The TFA linked RH Article [0] is "paywalled" behind a "free cost" user
registration. You just need a valid email. I've copied the text from that
article

    
    
       As customers accelerate and scale their open hybrid cloud initiatives, management becomes
       increasingly essential. Given this requirement, we made a strategic decision to focus our
       management strategy on the future -- open, cloud-native environments that promote portability
       across on-premise, private and public clouds.
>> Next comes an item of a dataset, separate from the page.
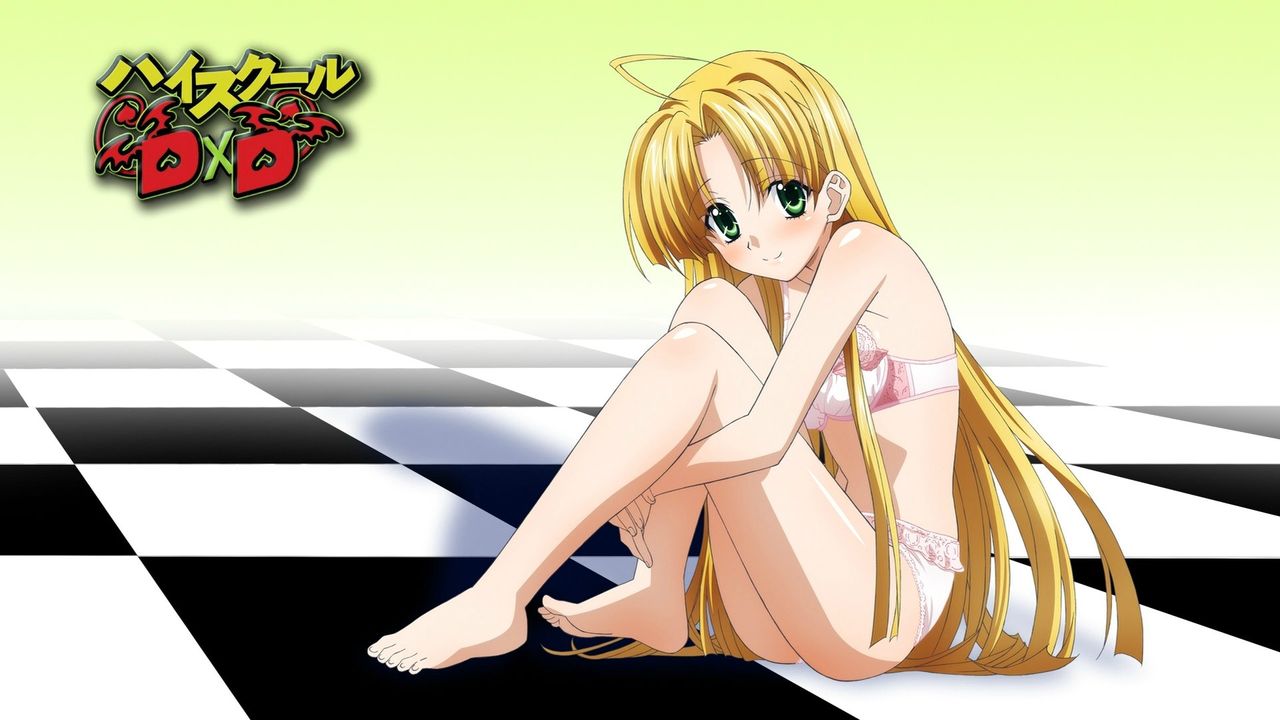 high school dxd eyecatches page 10 full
With this strategy update, the roadmap for
       Red Hat CloudForms is summarized in three key points:
    
       1. To date, Red Hat CloudForms has managed both open source and proprietary technologies.
       2. Moving forward, Red Hat CloudForms will continue to directly support open Red Hat platforms
       like Red Hat OpenStack and Red Hat Virtualization. As of March 1, 2020, Red Hat will no longer
       offer NEW CloudForms subscriptions for non-Red Hat platforms. For renewal options, please
       see CloudForms Statement of Direction FAQ.
       3. For non-Red Hat technologies (VMware, AWS, Azure, etc.), IBM is embedding CloudForms in
       their Cloud Pak for Multicloud Management and will be working in the ManageIQ community
       (upstream for CloudForms). Beginning March 1, 2020, IBM will also be offering an easy migration
       path from Red Hat CloudForms to this Cloud Pak.
    
       Red Hat will continue to work in CloudForms’ upstream community, ManageIQ, to support our
       offerings. For management of non-Red Hat products, IBM is also working in the ManageIQ
       community and embedding CloudForms support in the IBM Cloud Pak for Multicloud Management. For
       Red Hat CloudForms customers interested in managing heterogeneous environments, IBM is
       offering an easy migration path from Red Hat CloudForms to this IBM Cloud Pak.
    
    
    

[0]
[https://access.redhat.com/articles/4639821](https://access.redhat.com/articles/4639821)

------
jakemal
The headline is extremely editorialized and attempts to steer the discussion
in a very specific direction. Can the mods change the title to match the
article headline?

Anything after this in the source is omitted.